The dynamic characteristics of a water droplet impact on a thin vertical dry solid cylinder are delineated numerically. Finite volume-based axisymmetric simulations are carried out by employing the volume-of-fluid method to predict complex hydrodynamic behaviors. To simulate the present computational work, the conservation equations of mass, momentum, and volume fraction are solved. The droplet surface undergoes a continuous deformation during impact to the thin cylindrical target by resulting in various crucial stages: free fall, hitting, cap formation, encapsulation, uncovering, and detachment. The range of cylinder-to-droplet diameter ratio (Dc/Do) is considered to be from 0.13 to 0.4 for the present computational study to observe different deformation patterns of the droplet.
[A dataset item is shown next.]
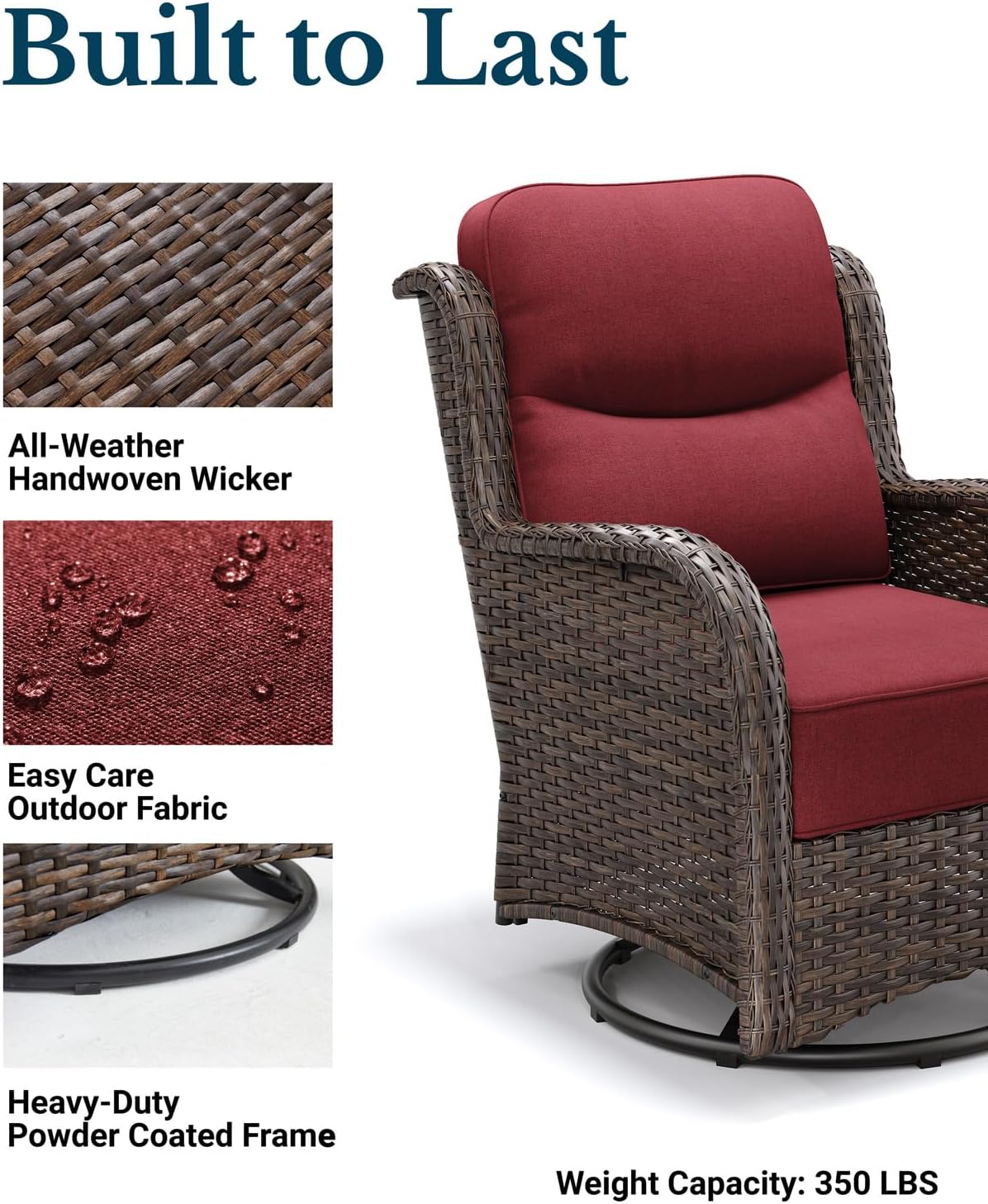 HILLGA Luxury 5PCS Outdoor Swivel Rocker Patio Chairs of 2 with 6 Inch Thick Cushions and Side Table, All Weather Outdoor Chairs High Back Wicker Patio Furniture Set for Porch and Deck, Burgundy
The influence of contact angle (θ), Dc/Do, We, Oh, and Bo on the maximum deformation factor is elucidated from the numerical results. The findings show that the maximum deformation factor increases with the increasing We and the reducing contact angle. An analytical model has been formulated to elucidate the maximum deformation factor, which shows an excellent agreement with the numerical results. Furthermore, a correlation was developed to predict maximum deformation factors in terms of θ, Dc/Do, We, and Oh, which operates exceptionally well within ±1% of the computational data.